Here’s one of those sentences, from The Passenger (you can read a longer, exclusive-to-NPR excerpt from Stella Maris here):
“God’s own mudlark trudging cloaked and muttering the barren selvage of some nameless desolation where the cold sidereal sea breaks and seethes and the storms howl from out of that black and heaving alcahest.”
McCarthy — who still composes on a manual typewriter — is considered one of the greatest and most influential writers in the English language.
“I began to notice fairly early on that a lot of these students were writing like Cormac McCarthy,” says Texas novelist and historian Stephen Harrigan, who taught a fiction writing course at the Michener Center for Writers at the University of Texas at Austin. He recalls with a chuckle, “They were writing with strange locutions like, ‘He rode isolate into the darkling plain.’ That kind of language.
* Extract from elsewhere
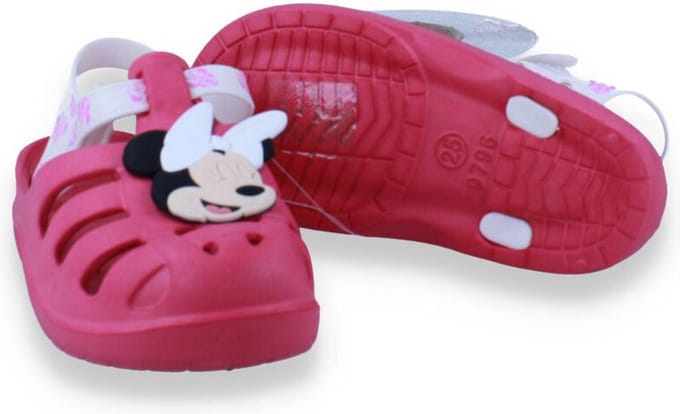 Minnie Mouse Meisjes Sandaal | Roze | Maat: 29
And this Old Testament archaic usage creates a kind of spell, particularly for young writers.”
The McCarthy spell is about to be cast again, and not just for readers but for researchers.
Cormac McCarthy’s literary papers are archived in a locked cabinet in the Witliff Collections at Texas State University in San Marcos.
“It’s about a hundred boxes of Cormac material that we have here,” says Steve Davis, literary curator at the Witliff, as he rolls open the cabinet. “His collection begins with his first book, Outer Dark,” and it ends with early drafts of The Passenger.
The last box has been restricted for 15 years, since the Witliff acquired McCarthy’s coveted papers, and McCarthy scholars have already been lining up to delve into it. The final box will be opened the same day The Passenger goes on sale — but Davis offered a sneak preview.
“This is the box for the new novel, The Passenger,” he says, “and we’re gonna pull out this first big folder which says, ‘The Passenger, old first draft. Typescript and photocopied pages, heavily corrected in pencil.'”
Perhaps the contents of this box will reveal how Cormac McCarthy’s challenging new novels evolved, and why he wrote them.